Zwar argumentieren manche mit einer Ausnahme im Auslieferungsabkommen. Sie findet sich in dessen Art. 4: „Die Auslieferung wird nicht bewilligt, wenn die Straftat, derentwegen sie begehrt wird, vom ersuchten Staat als eine politische Straftat, als eine Straftat mit politischem Charakter oder als eine mit einer solchen zusammenhängende Straftat angesehen wird.“ Könnte und sollte die deutsche Bundesregierung sich hierauf berufen, um sich von der völkerrechtlichen Verpflichtung zu befreien, Herrn Snowden ausliefern zu müssen? Das halte ich aus zwei Gründen nicht für sachgerecht.

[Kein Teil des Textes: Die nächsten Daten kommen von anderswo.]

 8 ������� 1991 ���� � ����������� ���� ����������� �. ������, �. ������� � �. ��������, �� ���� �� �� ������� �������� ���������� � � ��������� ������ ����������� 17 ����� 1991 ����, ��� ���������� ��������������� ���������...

Erstens: Wenn Deutschland die Auslieferung aus politischen Gründen verweigern würde, so wäre damit auch die Wertung verbunden, dass die Bundesregierung die Strafverfolgung durch die USA nicht für legitim hält. Das würde zum einen die Beziehungen mit den USA massiv belasten. Zum anderen wäre es eine unpassende Wertung. Denn Herrn Snowden wird eine Straftat vorgeworfen, die auch in Deutschland aus gutem Grund mit Strafe bedroht ist: Geheimnisverrat.

Zweitens: Solange man das Auslieferungsersuchen nicht in Händen hält, weiß man nicht, für welche weiteren Straftaten Herr Snowden eventuell gesucht wird. Es ist nicht ausgeschlossen, dass die USA ein Auslieferungsersuchen für weitere, nicht-politische Straftaten stellen – spätestens dann müsste Deutschland ausliefern.

Die Bundesregierung würde Herrn Snowden mit einem Aufnahmeangebot also Sicherheit versprechen, die sie nicht garantieren könnte.

Auch wenn wir unterschiedlicher Auffassung sind, hoffe ich, dass Sie meine Argumente nachvollziehen können. Ebenso hoffe ich, Ihnen einen Einblick gegeben zu haben, dass für politische Entscheidungen oft komplizierte Abwägungen erforderlich sind.